# [Problem statement]
Return the lines of the data below, from the one containing "Kemimoto Can-Am Maverick" through the very last, exactly and with both ends included; no pictures.

═══ Recorded information ═══

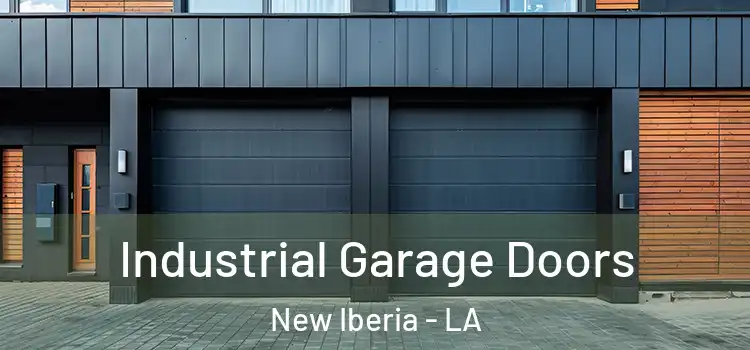  Industrial Garage Doors New Iberia - LA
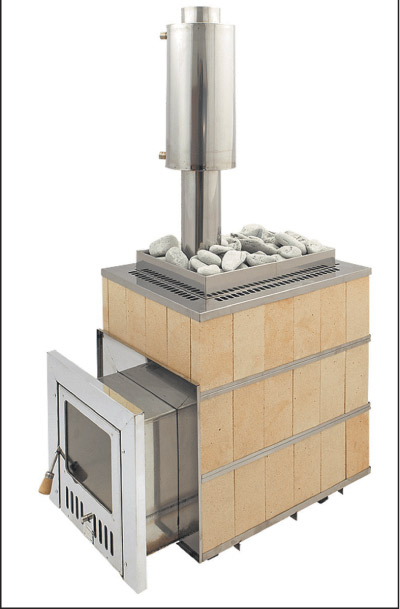 Печь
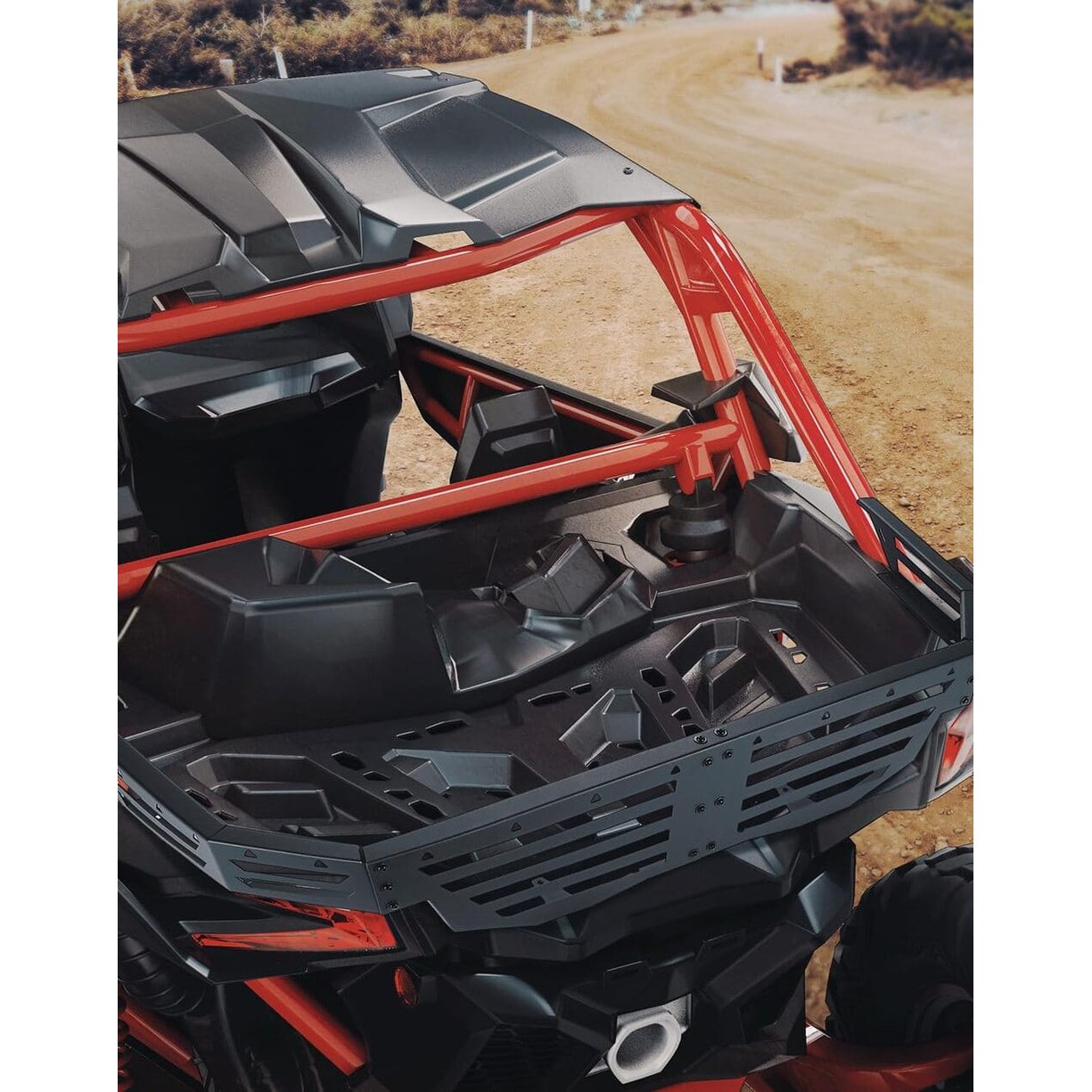 Kemimoto Can-Am Maverick X3 Rear Cargo Tailgate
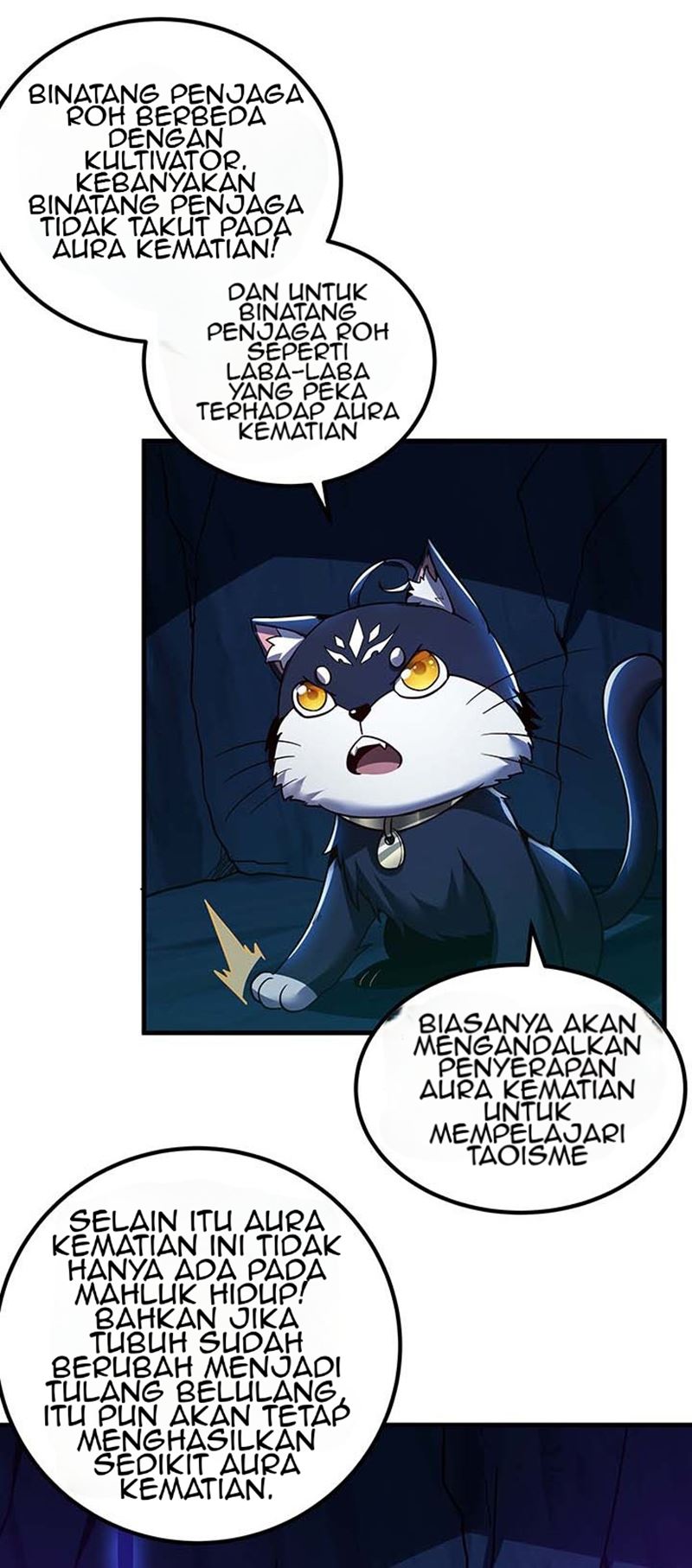 Cultivation Record Of The Undead King Chapter 29 Gambar 20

═══

# [Output of the exercise]
 Kemimoto Can-Am Maverick X3 Rear Cargo Tailgate
 Cultivation Record Of The Undead King Chapter 29 Gambar 20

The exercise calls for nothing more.